新緑出揃ったほしかわ工務店新社屋
3月の造園から2ヶ月経った昨日の様子です。

今どきお勧めしたい北の庭、
建物が地面への直射を遮り、立ち上がった木々が空中の光を集めて見せてくれます。
日向好きの植物には向きませんが、こんな環境を好む落葉樹や林床育ちの常緑樹も多く、
近年の夏の暑さが怖い、、南の庭より安心して植栽計画できる北の庭になってきました。
ミツバツツジ、アオダモ、ヤマモミジ、イロハモミジ、アオダモ、ダンコウバイ、ヤマモミジと落葉樹を並べて、シャクナゲ、アセビ、アオキ、マホニアコンヒューサらの常緑低木を加えています。
日照の少なさから秋の色づきがどうなるか、というところはありますが、元気に育ってくれることでしょう。

小泉誠さん設計の建築、
南の庭を望むプロムナードのような抜けが楽しい風景を生み出しています。

広い駐車場の平面に描いたデザインもここのオリジナリティーのひとつ。

高崎、群馬との縁も増えてきました。
新しい造園計画もはじまりそうです。

昨日は小林建設の本庄の拠点「栖の杜」
造園から5年目の晴れやかな春の日、
庭のセミナーを開催していただき午前と午後の2回、たくさんの方にお越しいただき庭づくりの四方山話をしてきました。
好天に恵まれて何よりでしたが、お集まりいただいた皆さんと、9年続けて開催していただいてる小林建設スタッフの皆さんに感謝です。

心配になるくらい日照に恵まれたロケーションの中、これだけ緑が輝いてくれてるのも水やり管理のおかげだと思います。


暑さに耐えるように多めに入れたコニファーのグランドカバーは正解だったかもしれません。



先週、信州滞在で見かけた地味な花三つ
●クルマバソウ
志賀高原、標高2000mを超えるとまだまだ冬景色でしたが、中腹あたりは新緑まぶしく感極まる美しさ。
ふだんゴールデンウィークの頃に出かけることがなく、未体験の春色の光景を堪能しました。
新緑の林の入口で群生していたのがこれ。はじめて見る花です。
調べて、クルマバソウかクルマムグラか、おそらく前者で間違いないと思います。

かけ足の志賀高原通過でしたが、心洗われるひと時でした。

もう少し上の方のシラカバやカラマツの自然林
これから春本番がやってきます。

●マルメロ
温泉街の人気の少ない路地で出会いました。
信州の一部ではカリンと呼んでいる地域もある、よく似た実をつける木ですが別属の別種とのこと。

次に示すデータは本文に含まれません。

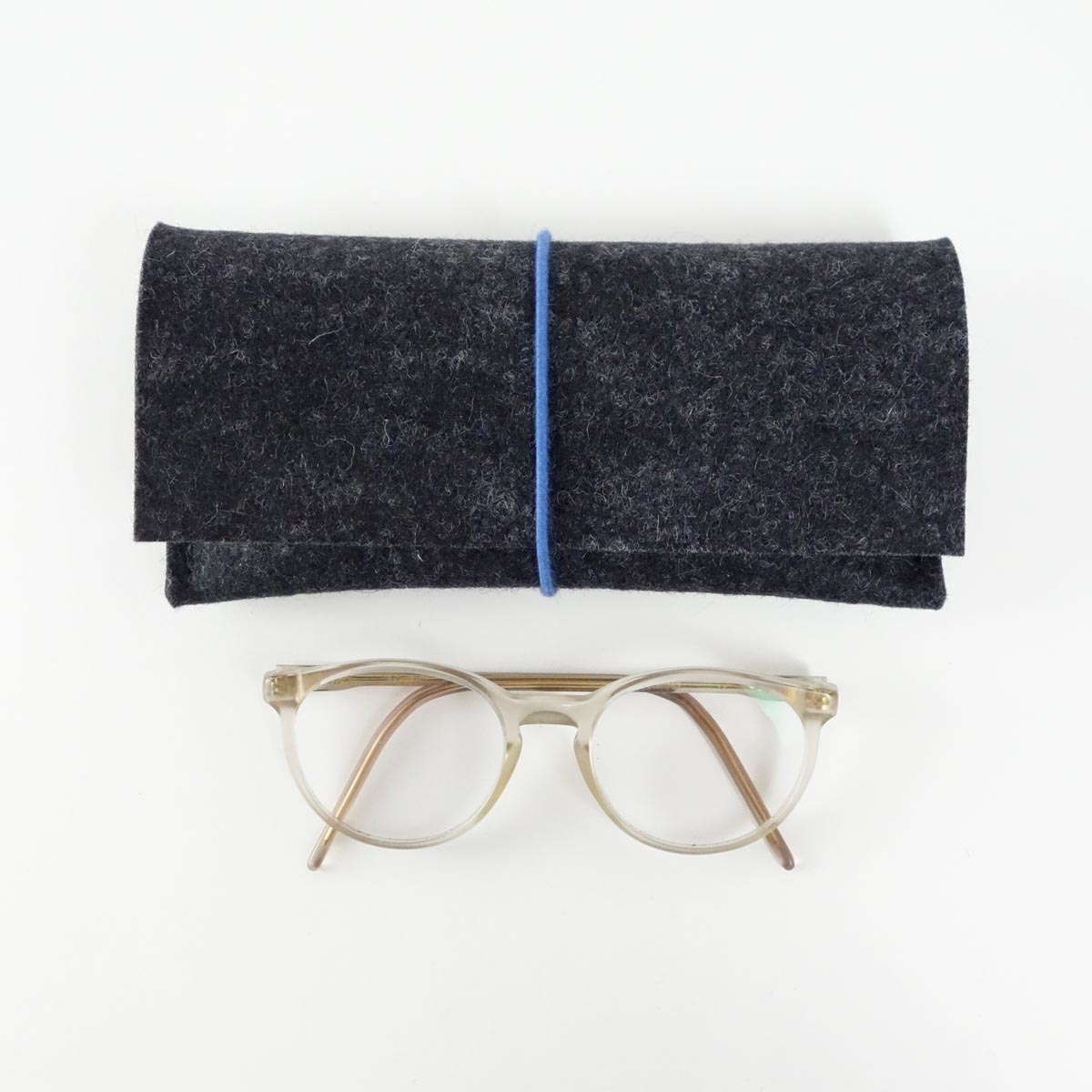 Brillenetui Aus Wollfilz Anthrazit Mit Bio Rundgummi Mittelblau Matilda K brillenetui-aus-wollfilz-anthrazit-mit-bio-rundgummi-mittelblau-matilda-k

侘びる花ではないと思いますが,うらびれた路地で全く着飾ることなく立っている様子、咲いている様子にとても惹かれました。
時代遅れの男のような佇まい?
めずらしく同行の友人と家人にも見せたくて呼び寄せたほど。


花が咲いてなければ何の木かわからなかったであろう素朴な木姿も、ふだんの自分の仕事をかえりみて、思うところあるいい出会いでした。

●ニシキギ
こちらは地元上田のアネックスオフィスのアプローチ
ニシキギは東京辺りでは紅葉の色が冴えないせいか、そんなには見かけない、私の造園でも出番のない木ですが、
信州では紅葉の美しさを楽しめるので、ドウダンツツジと並びあちこちで見かけられます。

実と紅葉と比べて、あまり鑑賞目的にされていない今の季節の花が実はとても可愛く、
これを窓辺に生けて楽しむ感覚、身内の仕業とはいえ素晴らしく、癒されます。

切って生けて楽しむのも、写真に撮って楽しむのも、とてもいい花の楽しみ方とよく思うようになってきました。